Adelaide Hanscom Leeson (25 November 1875 – 19 November 1931) was an early 20th-century artist and photographer who published some of the first books using photography to illustrate literary works.

Life[edit]

Early years[edit]

The Eternal Saki, by Adelaide Hanscom. Published in The Rubaiyat of Omar Khayyam, 1905.

Adelaide Marquand Hanscom was born in Empire City (now Coos Bay, Oregon) in 1875, the fourth of six surviving children born to Meldon LeRoy (1843–1919) and Louisa Hyde Hanscom (1845–1923). She was one of a set of twins, but the other child was still-born. Hanscom was named after Adelaide Marquand, an early proponent of universal suffrage. Marquand's husband, Henry, was a business associate of Meldon Hanscom, and later published the Berkeley Advocate. Adelaide Marquand was co-editor of the Advocate with her husband, and she remained a family friend and influence on Hanscom for many years.[1]

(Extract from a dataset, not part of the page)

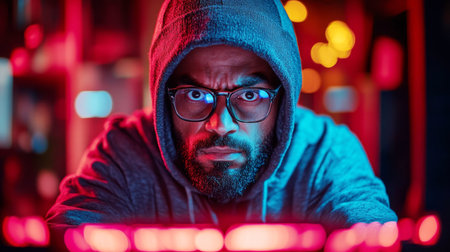 Cybersecurity expert analyzing data breach risks in illuminated workspace Generative AIの素材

When Hanscom was six, her family returned to their previous home city of Berkeley, California, in order to obtain a better education for the children. Her father was a Harvard University-educated businessman who later became the city auditor of Berkeley.[2]

Hanscom began creating art when she was a teenager and later studied art and design at the University of California and at the Mark Hopkins Institute of Art (now the San Francisco Art Institute).[3] Her classmates at the Institute were photographers Emily Pitchford and Laura Adams, who had recently established their own studio, and Hanscom expanded what she learned about photography in school by working with her classmates.[1] She also is known to have frequented the home of photographer Anne Brigman and is thought to have learned some of her printing technique from Brigman.[4]

In 1902 she set up a commercial studio in San Francisco with fellow photographer Blanche Cummings, and soon they were accepting commissions for portraits and commercial work. At the Third Photographic Salon in San Francisco in 1903 Hanscom exhibited five prints, including a highly acclaimed study called Mother and Child. One critic said her showing in this exhibition "secured her a place among the foremost pictorialists of the Pacific Coast."[5] This show was also important to Hanscom because it was the first place she would have seen prints by Alfred Stieglitz, Edward Steichen and Gertrude Käsebier, who were the leaders of the pictorial photography movement in New York. As a result of her recent acclaim, her artistry was in high demand. She was so successful that when a newspaper critic asked her if her profession financially rewarded her, she replied "Handsomely".[6]

The Rubaiyat of Omar Khayyam[edit]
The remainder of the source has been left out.